Domain HA

A domain is fully available only when all of its subcomponents are available. However, transaction processing can still run over the domain even if only the mediator and the sequencer are available. The domain services handle new connections to domains, and the topology manager handles the changes to the topology state; unavailability of these two components affects only the services they handle. As all of these components can run in separate processes, we handle the HA of each component separately.

Sequencer HA

The HA properties of the Sequencer depend on the chosen implementation. When the sequencer is based on a HA ledger, such as Hyperledger Fabric, the sequencer automatically becomes HA. The domain service can return multiple sequenced endpoints, any of which can be used to interact with the underlying ledger.

For the database sequencer, we use an active-active setup over a shared database. The setup relies on the database for both HA and consistency.

Database Sequencer HA

../../../_images/sequencer-ha.svg

The database Sequencer uses the database itself to ensure that events are sequenced with a consistent order. Many Sequencer nodes can be deployed where each node has a Sequencer reader and writer component, all of these components can concurrently read and write to the same database. A load balancer can be used to evenly distribute requests between these nodes. The canton health endpoint can be used to halt sending requests to a node that reports itself as unhealthy.

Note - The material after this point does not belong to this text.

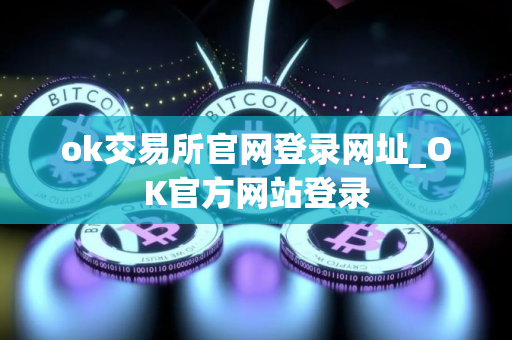 ok交易所官网登录网址_OK官方网站登录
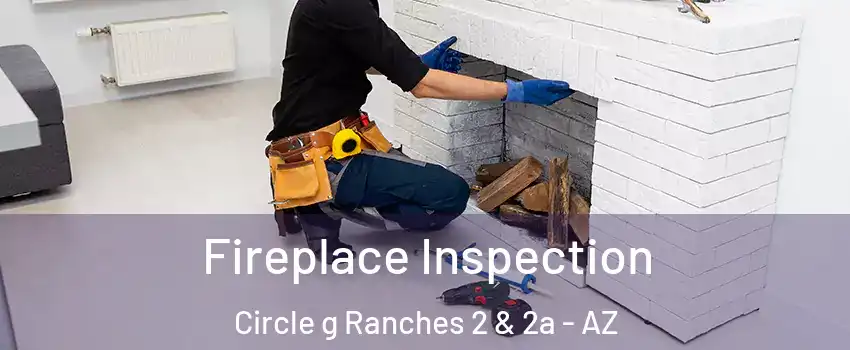 Fireplace Inspection Circle g Ranches 2 & 2a - AZ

Sequencers nodes are statically configured with the total number of possible Sequencer nodes and each node is assigned a distinct index from this range. This index is used to partition available event timestamps to ensure two sequencer node will never use the same event id/timestamp.

Events are written to the events table and can be read in ascending timestamp order. To provide a continuous monotonic stream of events, readers need to know the point at which events can be read without the risk of an earlier event being inserted by a writer process. To do this writers regularly update a watermark table where they publish their latest event timestamp. Readers take the minimum timestamp from this table as the point they can safely query events for.

If a Sequencer node was to fail, it would stop updating its watermark value and when it becomes the minimum timestamp this will cause all readers to effectively pause at this point (at they cannot read beyond this point). Other Sequencers writers when updating their own watermark also check that the other sequencer watermarks are being updated in a timely manner. If it is noticed that a Sequencer node has not updated its watermark within a configurable interval then it will be marked as offline and this watermark will no longer be included in the query for the minimum event timestamp. This causes future events from the offline Sequencer to be ignored after this timestamp. For this process to operate optimally the clocks of the hosts of the Sequencer nodes are expected to be synchronized - this is considered reasonable for where all Sequencer hosts are co-located and NTP is used.

If the failed Sequencer has recovered and would like to resume operation, it should delete all events past its last know watermark to avoid incorrectly re-inserting them into the events the readers will see, as readers may have read subsequent events by this time. This is safe to do without effecting events that have been read as any events written by the offline Sequencer after it is marked offline are ignored by readers. It should then replace its old watermark with a new timestamp for events it will start inserting then resume normal operation, ensuring that this is greater than any existing value.

When a Sequencer fails and resumes operation there will be short pause in reading from other Sequencers due to updates to the watermark table. However requests to the other Sequencer nodes should continue successfully, and any events written during this period will be available to read as soon as the pause has completed. Any send requests that were being processed by the failed Sequencer process will likely be lost, but can be safely retried once their max-sequencing-time has been exceeded without the risk of creating duplicate events.

Mediator HA

The approach for mediator node HA follows the same principles as outlined for participant HA in Replicated Participant Node Architecture. Namely a mediator node is replicated and only one replica is active. All replicas of the same mediator node share the same database, both for sharing the state as well as to coordinate the active mediator node replica.